AI基盤のセキュリティ運用・分析プラットフォームを手がけるイグルコーポレーションは、19日、自律型セキュリティ運用センター(Autonomous SOC、以下自律型SOC)実現に向けた技術特許2件を新たに取得したと明らかにした。
イグルコーポレーションによると、最近、セキュリティパッチ配布前の短い空白期を狙う「AI加速型攻撃」への懸念が高まるなか、脅威対応のゴールデンタイムを確保し、セキュリティ体制を根本から強化できる技術の重要性が増しているという。会社は、今回の特許取得がこの流れに対応するための戦略だと説明した。
自律型SOCはセキュリティ運用モデルの中で最も高い成熟度段階である。
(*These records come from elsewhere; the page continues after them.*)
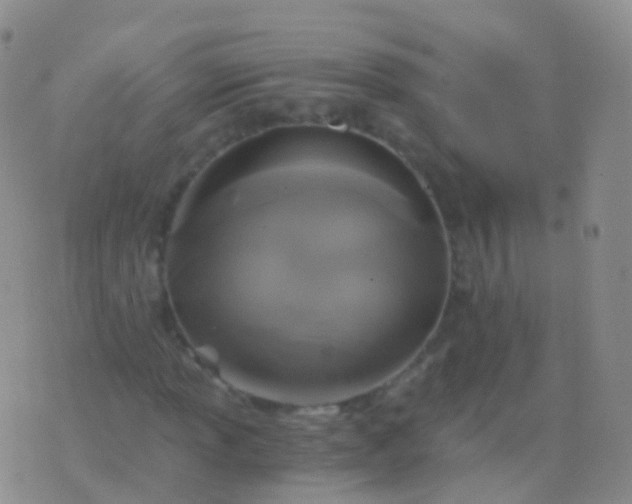 X0000076431013200610202239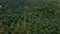 Aerial shot of coffee plantations on hillsides in mountains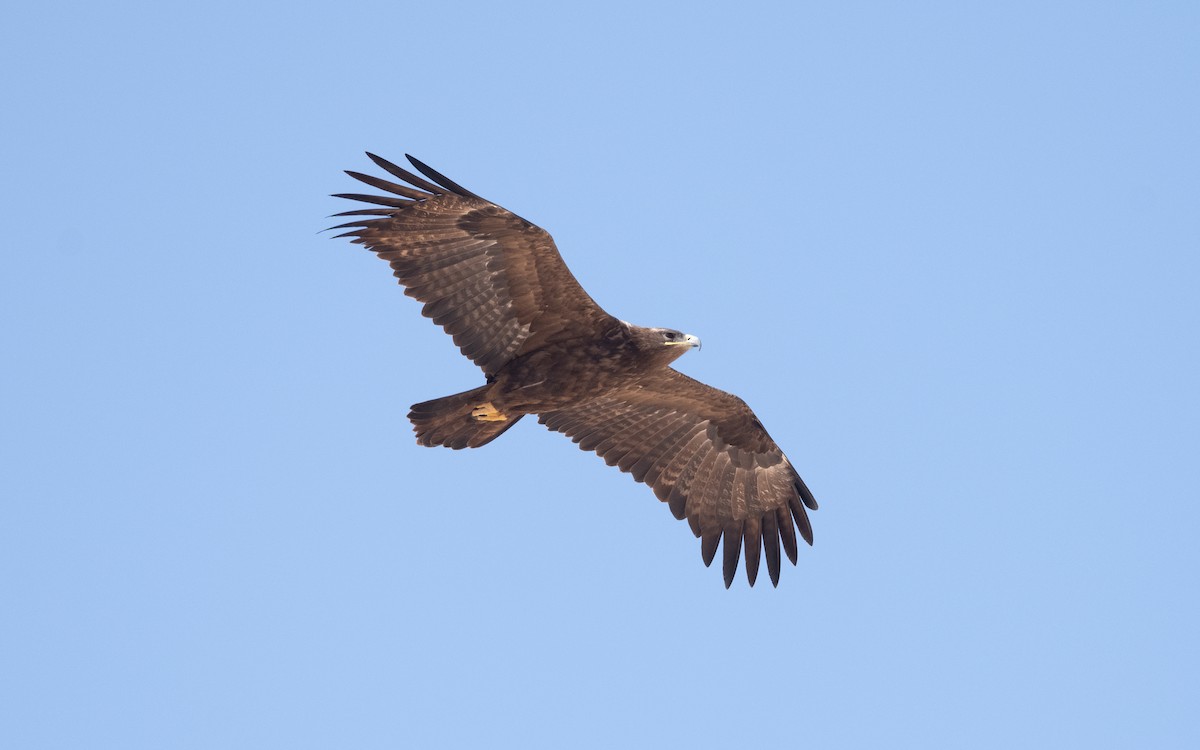 Steppe Eagle - ML627596316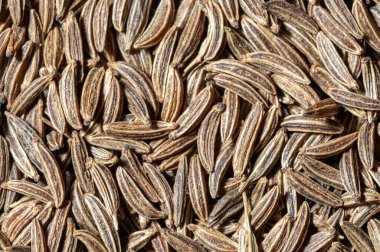 Aşçılık, aşçılık ve tarım geçmişi için bir yığın kimyon tohumu.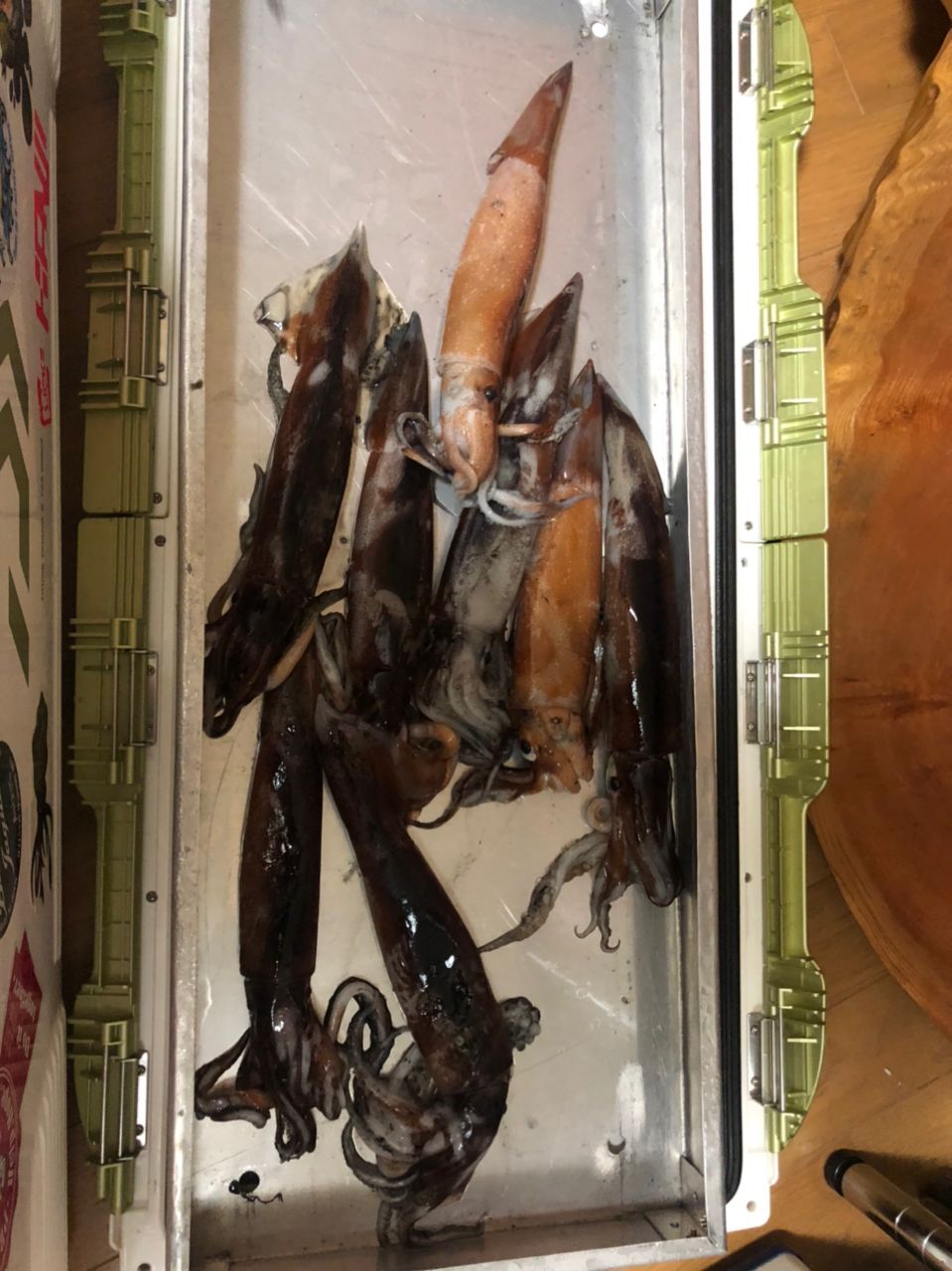スルメイカ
とりわけ、人間とAIエージェントが協業し、SOC全般の判断、推論、対応業務を遂行する「エージェンティックSOC(Agentic SOC)」が到達に向けた中核ルートと呼ばれる。
イグルコーポレーションが取得した特許は、エージェンティックSOCの中核要素である脅威選別と自律対応を強化する技術で、エージェンティックSOCを実装する中核ソリューションとサービスに適用される。
1件目の特許はセキュリティ警報のうち危険度の高い攻撃を選別・遮断し、2件目の特許はシステムのセキュリティ脆弱性と設定ミスをAIが評価して最適な防御措置を自動適用する技術である。
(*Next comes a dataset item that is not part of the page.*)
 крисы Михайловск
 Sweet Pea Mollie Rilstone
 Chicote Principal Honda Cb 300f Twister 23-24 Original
この技術を活用すれば、オンプレミスとクラウド環境で発生する脅威情報とセキュリティ状況をリアルタイムで分析し、事前予防から脅威検知、事後対応までを一つの自動化体制で運用できる。
イグルコーポレーションは、ハイブリッド拡張型検知・対応(XDR)プラットフォーム「スパイダーExD」、セキュリティ運用自動化(SOAR)ソリューション「スパイダーSOAR」、AIエージェント「AiR」を連携し、自律型SOC到達に向けたエージェンティックSOC体制の確保を加速させる戦略だ。セキュリティ専門家は高難度の意思決定に集中し、反復的な検知、分析、遮断はAIエージェントが担う構造である。
イ・ドゥクチュン・イグルコーポレーション代表は「最近、相次いで大規模言語モデル(LLM)の脆弱性検出ツールが登場し、『AI加速型攻撃』への危機感が高まっている」と述べ、「こうした環境変化に対応して根本的なサイバー能力を強化できるセキュリティ運用の指向点である自律型SOCと、その道を開く鍵であるエージェンティックSOC体制の構築に注力している」と明らかにした。